Auckland Renter's Club: Not a Flat, Not a Commune
New Zealand is experiencing a housing crisis, and in what is most commonly perceived as an undersupply of built fabric, cities continue their outward sprawl. However little attention is paid to the severe under-utilisation implicit to the status quo that characterises the main centres, the duality of suburban living and urban places of work. This is the prime motivation of this thesis, posing the question: what if rather than perpetuating this outward expansion we explore the opportunities in intensification of programme and occupation within the existing built environment? Given this position of enquiry this thesis seeks to mine both architectural and cultural precedents that present opportunities for alternative typologies of occupation. These precedent studies are found within the research, Underutilisation; The Silent Culprit.
Within the research Contemporary Modes of Occupation, changes in the way societies live and work, currently unattended to by the built environment, are interrogated. This societal change is explored with regards to the possibilities for the alternative typology of occupation it presents, and the issues to which this typology would need to attend. Character narratives are borne out of this research in order to drive the design to attend to this identified societal change.

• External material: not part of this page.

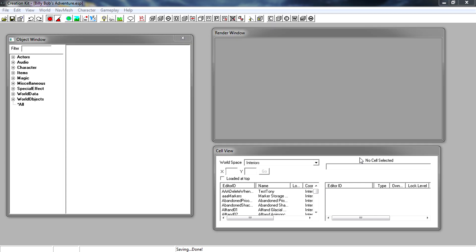Hello, it is MillerBoy here. Today I'm going to be showing you part 3 of how to make a quest for Skyrim using the Creation Kit. We recommend you go back and watch parts 1 and 2 so you don't get confused about what we're doing today.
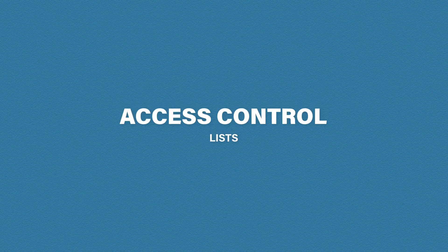Hey what's up guys, welcome to CertBros. In this video we're going to be talking about access control lists.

A Design Exercise; We Live Remix presents a design critique of a contemporary response to the previous two fields of research through contrasting its plan against that of a reworked plan based on the architectural sensibilities drawn out of this thesis. Presented as independent enquires these fields of research frame an architectural proposition that look to subvert the way the building fabric, in particular of inner cities, is occupied.
Auckland Renters Club, the project vehicle of the thesis, is an architectural intervention that adapts an existing building, the archetypal core issue of the thesis: an office park typology within inner city Auckland. The intervention presents an alternative typology of occupation formed from a system with the implication that this could be deployed across a greater context within buildings of a similar disposition.